21Fascinée par les grands magasins bourgeois dont le Bon Marché constitue le type le plus achevé, l’historiographie a trop longtemps sous-estimé l’importance des magasins vendant à crédit aux classes populaires, un phénomène que de surcroît on a réduit aux seuls magasins Dufayel alors qu’ils étaient très nombreux dans la capitale mais d’inégale envergure. Anaïs Albert qui en étudie l’organisation à Paris à la Belle Époque (« La vente à tempérament à Paris à la Belle Époque : les magasins de crédit et leur clientèle populaire »), dresse, d’une part, la cartographie des maisons de vente à crédit qui met en évidence leur concentration dans le centre de la capitale puis leur progressive dispersion, et de l’autre, reconstitue la hiérarchie du secteur, des Grands Magasins Dufayel au sommet jusqu’aux magasins de quartier à la base, en décrivant pour chaque niveau de ce monde très hiérarchisé l’organisation, le fonctionnement et l’activité de magasins représentatifs.

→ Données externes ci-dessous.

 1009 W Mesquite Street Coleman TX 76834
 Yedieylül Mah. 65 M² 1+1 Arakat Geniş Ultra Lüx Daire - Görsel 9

22Né dans le dernier tiers du xixe siècle, le succursalisme se distingue du commerce traditionnel par l’adoption des méthodes de vente des coopératives de consommation, l’intégration de la fonction de grossiste et même de la fabrication, et l’organisation des magasins en réseaux. Nous disposons sur ce mouvement de deux études consacrées à ses deux principaux bastions, ce qui ouvre au lecteur la possibilité d’instructives comparaisons : Reims, qui en fut le berceau, et Saint-Étienne où il a trouvé avec Casino un second foyer de développement. Dans sa contribution (« Reims, l’évolution du commerce de l’épicerie et la naissance du succursalisme, 1866-1914 ») qui mobilise essentiellement des sources locales et des travaux anciens, Denis McKee retrace minutieusement le développement du succursalisme rémois qui, après le stade mutualiste initial, prit la forme de puissantes sociétés capitalistes ; décrit leur organisation, leur implantation dans la ville, leur fonctionnement et leur expansion ; et enfin décortique ce nouveau modèle de commerce d’épicerie en s’intéressant tout à la fois à sa logique commerciale, à la vie des succursales et au rôle si essentiel de leurs gérants. Ce faisant, il montre comment cette nouvelle forme de commerce qui l’a emporté, à Reims, sur le petit commerce traditionnel, a permis d’élargir et de diversifier la consommation populaire.
23Fondée sur l’exploitation des archives du groupe Casino, l’étude d’Olivier Londeix (« Du comptoir au libre-service, les transformations de la vente chez Casino [1898-1960] ») reconstitue précisément les étapes de l’histoire de l’entreprise fondée en 1898 par Geoffroy Guichard : la première au début du siècle forgeant son identité (organisation commerciale rationnelle, intégration de la production, combinaison de familialisme et de paternalisme) ; la seconde entre 1918 et 1948 réalisant la standardisation du lien marchand ; et la dernière, entre 1948 et 1960, opérant la difficile conversion aux principes de la grande distribution avec l’adoption du libre-service et du supermarché, l’expansion du groupe stéphanois épousant en définitive les vagues successives d’élargissement de la consommation.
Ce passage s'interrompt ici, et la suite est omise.